Friday

What Does It All Mean?

Sometimes it can feel as if our world is falling apart. Just look at the news: One of Iraq’s most sacred mosques has been destroyed, clearly with the intent of provoking a civil war. In America, Congress and the Senate are up in arms because President Bush has contracted with the United Arab Emirates to manage American ports. Well, crikey, I actually applaud him for doing this, but there are others who are on the warpath because of their supposed paranoid logic that if it’s Arab – it must be dangerous!

And here at home an absolutely cunning group of desperados have heisted somewhere around 50 Million pounds by kidnapping and terrorising an 8 year old boy, his mother, and father. And the icing on the cake today is that the Mayor of London deliberately and maliciously compared a Jewish reporter from a respected newspaper with an SS, swastika wearing, Nazi who worked in a concentration camp!


So what does it all mean? Are some people just born bad, destined to destroy themselves and others, create strife, unfairly judge cultures, and insult and demean others? Our faith says ‘no!’ Our faith says that every one of us is born good, made in God's image. But if this is true, why do so many good people end up doing or saying such monstrous things?

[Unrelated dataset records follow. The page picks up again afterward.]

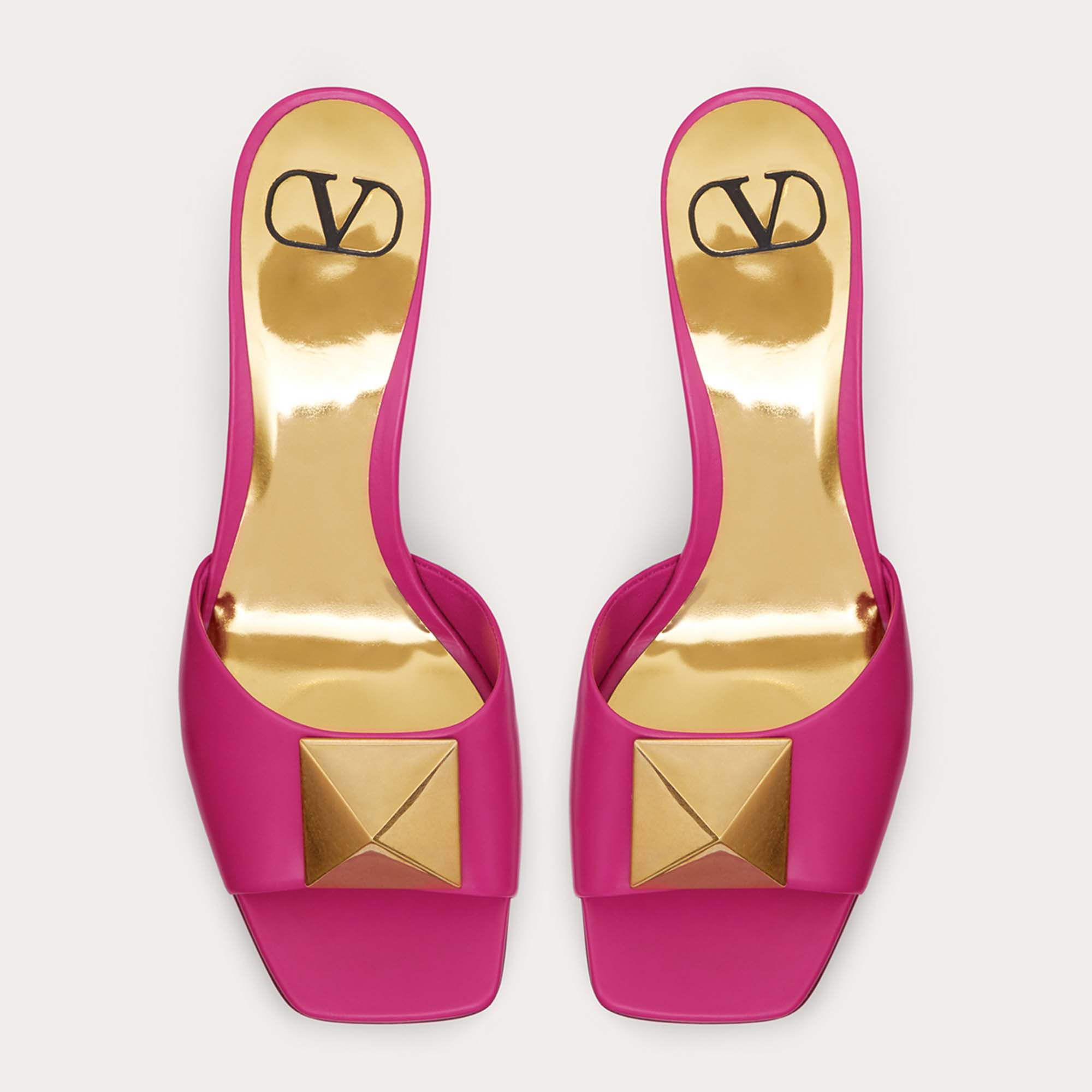 

Valentino Pink Leather One Stud Slide Sandals Size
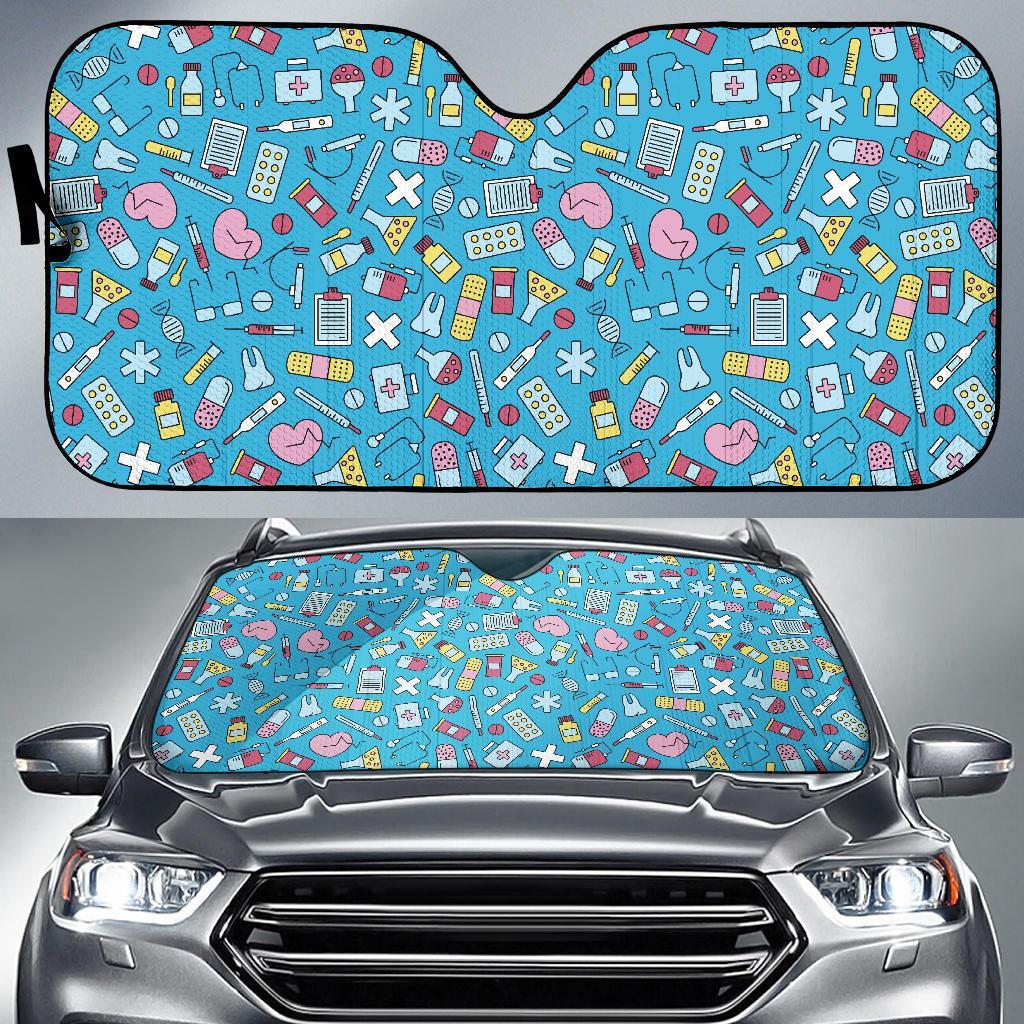 Nurse Print Pattern Car Sun Shade-grizzshop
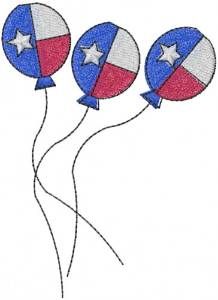 Picture of Texas Flag Balloons Machine Embroidery Design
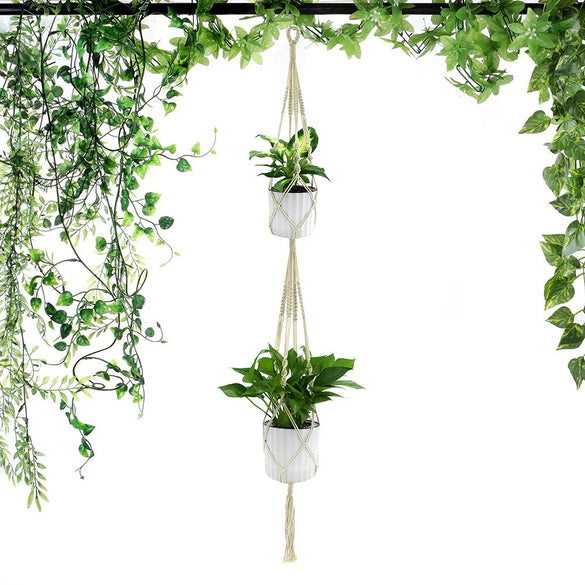New 1PC Macrame Plants Hanger Hook 4 Legs Retro Flower Pot Hanging Rope Holder String Home Garden Balcony Decoration Wall Art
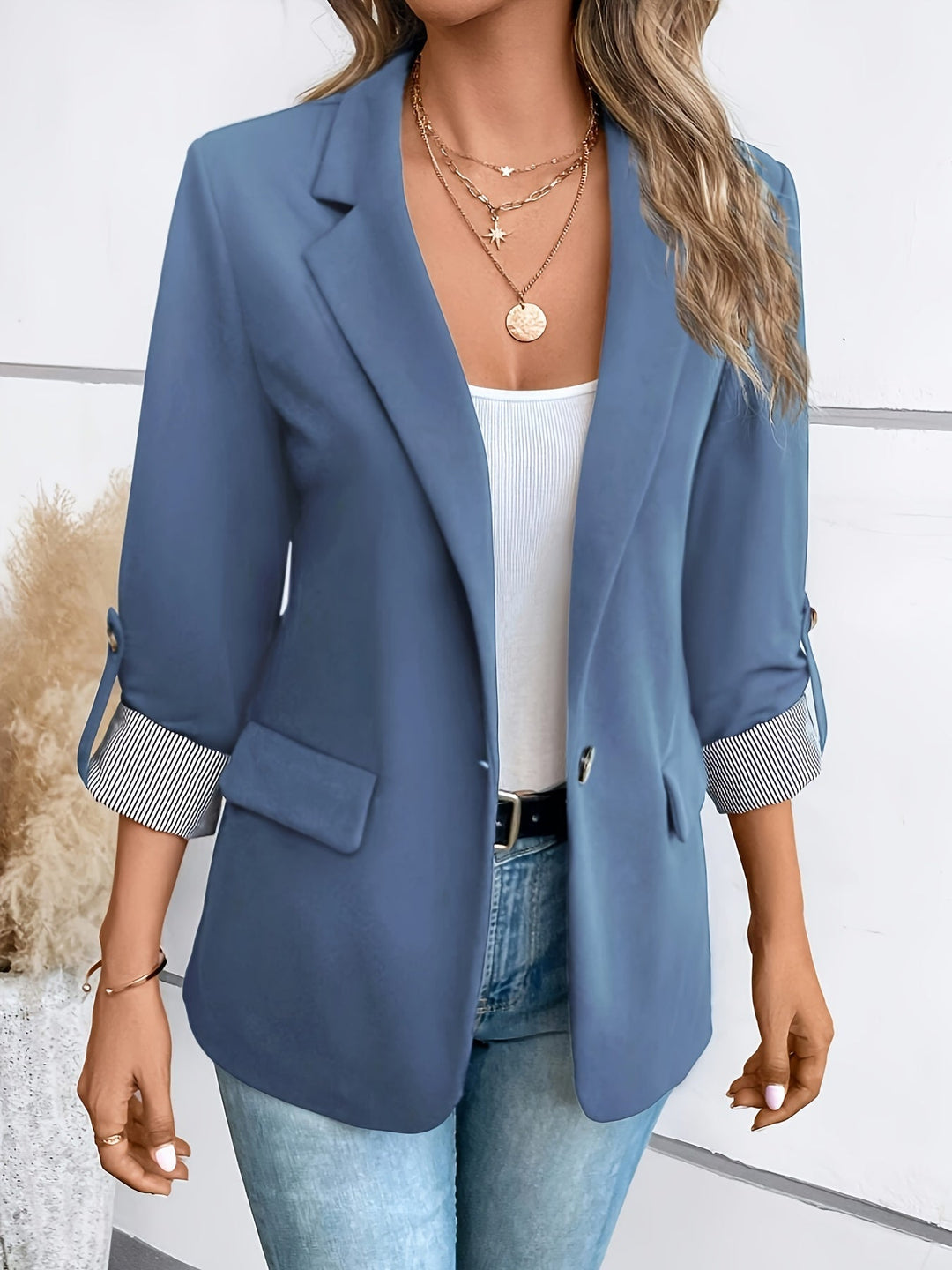 Mirla | Elegant kontors långblazer med-Eva Jonsson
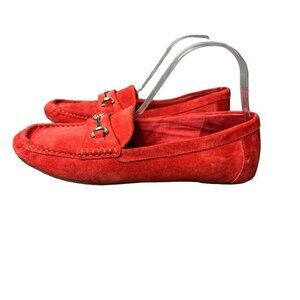 Isaac Mizrahi‎ Live Women's 8.5W Horsebit Suede Loafers Orange-Red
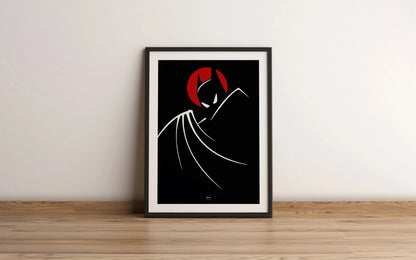 Affiche minimaliste de Batman par Orcaz.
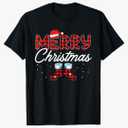 Merry Christmas Buffalo Plaid Santa Hat Pajama T-Shirt Black 3XL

Jesus spoke His last words to His disciples: ‘Go out to all the world and share the Good News, not just by talking about it, but by living it, helping people to see what a real life looks like, just as I helped you to see that.’ Having said that, Jesus ascends to the heavens and disappears from sight.

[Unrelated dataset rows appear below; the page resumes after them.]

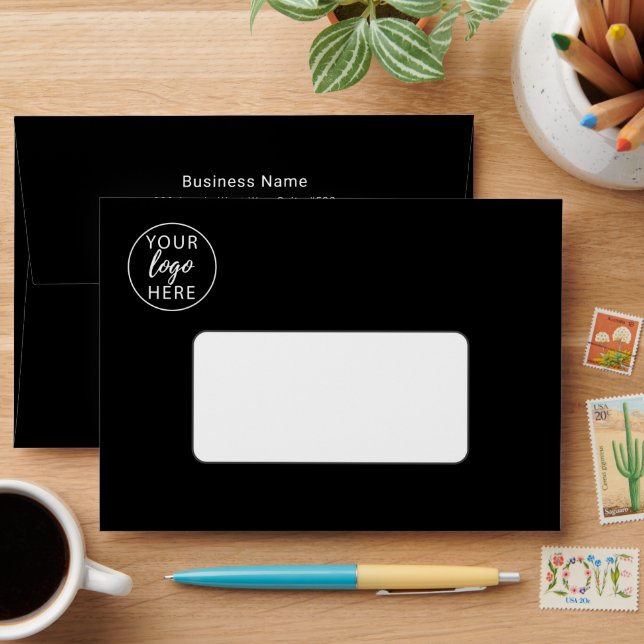 Black Custom Business Logo Return Envelope (Desk)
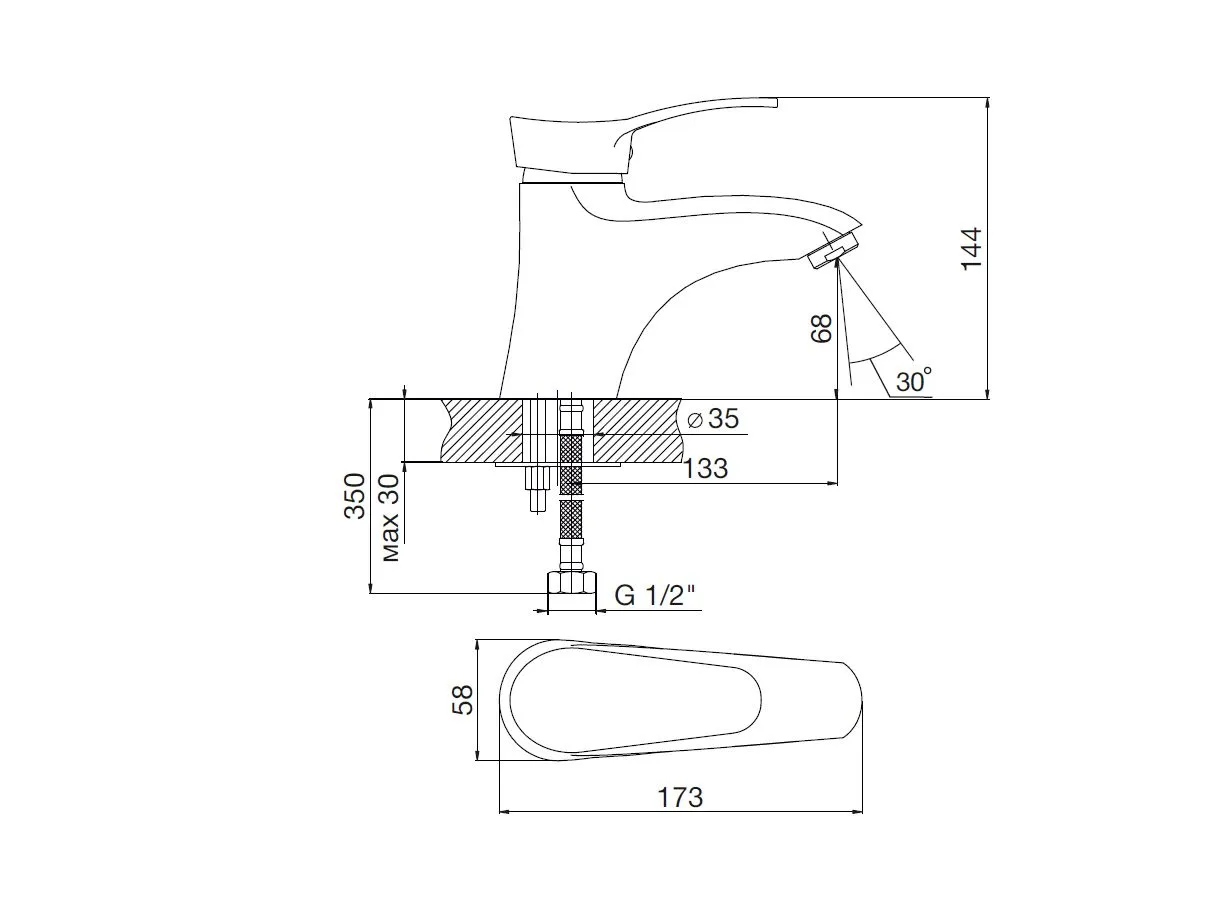Смеситель для раковины MITTE САТИН (SATIN) в магазине Культо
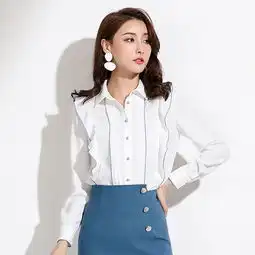 施悦名2019春季新款时尚女装chic气质优雅撞色上衣荷叶边长袖衬衫女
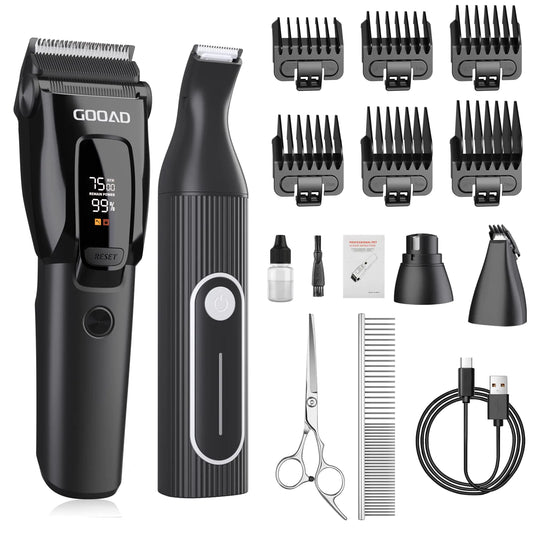 Gooad Grooming Clippers 3-Speed Professional Cordless Quiet Metal Blades Grooming Kit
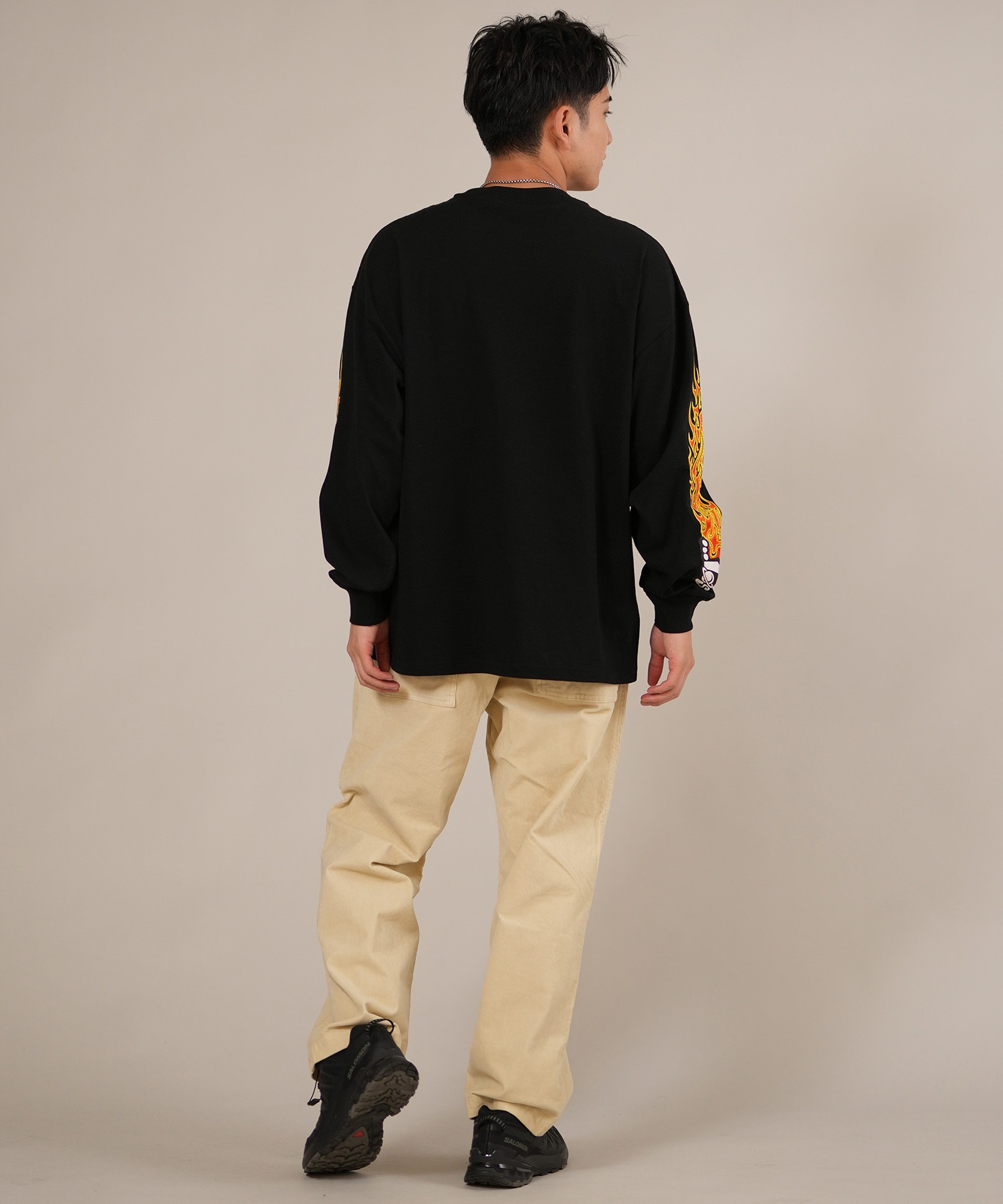 LOST ロスト 長袖 Tシャツ ロンT メンズ 袖プリント 古着風 ヴィンテージ加工 L25F-2204 ムラサキスポーツ限定(WHT-M)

What happens next is...well…absolutely nothing! Nobody moves or does a thing, till finally an angel speaks up: ‘Don't just stand there looking up at the sky. Get busy. You have work to do. People need YOUR help if they are to make lives that are worth living.’

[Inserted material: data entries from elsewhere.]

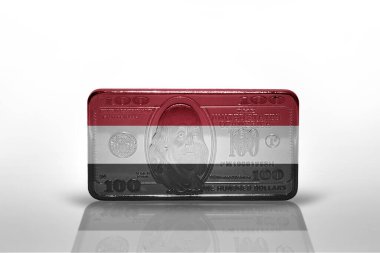 Ulusal Yemen bayrağı dolar üzerinde para banknotu beyaz arka planda 3D illüstrasyon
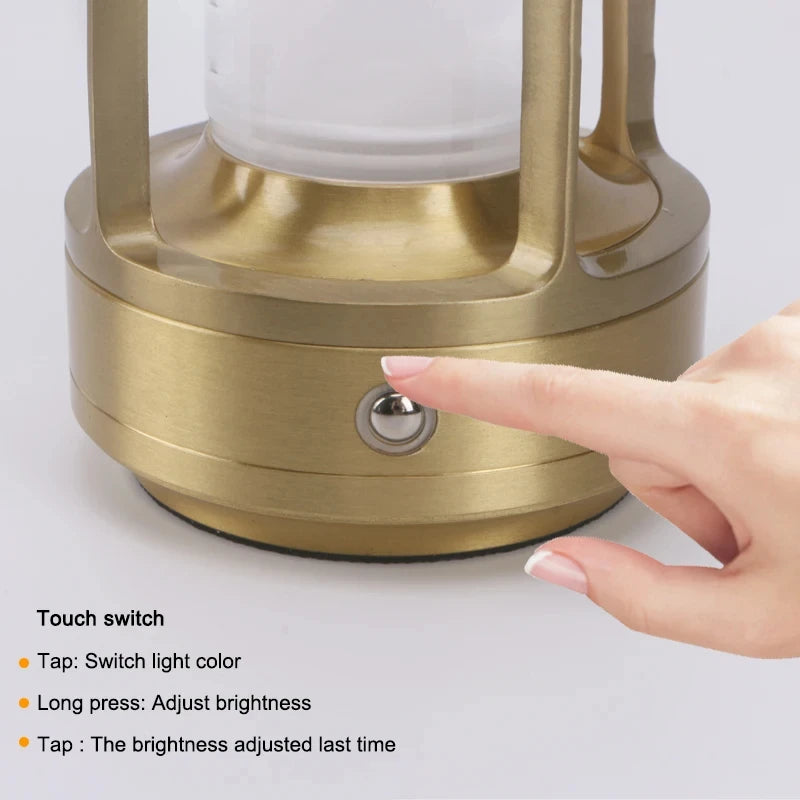 Cordless Lantern Table Lamp, Rechargeable Soft Ambient Glow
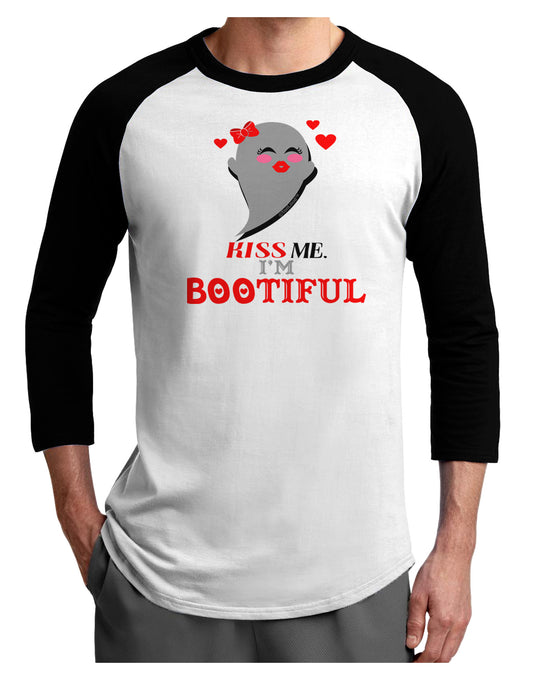 Kiss Me BOOtiful Ghost Red Adult Raglan Shirt-Raglan Shirt-TooLoud-White-Black-X-Small-Davson Sales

We all need one another's help, lots of it, day in and day out, if we are to make lives that are worth living. And we all owe the same kind of help to one another. So many of God's good people end up stumbling badly or even destroying themselves because, at crucial moments, other good people may be sitting on their hands or staring up at the sky.

Just as great lives start small and are built a piece at a time with the help of many people, so it is with monstrous lives: They are crafted slowly, over a very long time, with many good people sitting on their hands on the sidelines. Heroes and monsters are not born; they are made.

Being Christian certainly isn't about being perfect. It's about getting better, a tiny piece at a time, with the help of our friends. If we truly want the beautiful world we say we want, we have to help one another get better. We have to help! And that brings us to our question:


Are we helping? Am I? Are you? If not, why not start now!


We’ve already been given a demonstration how to!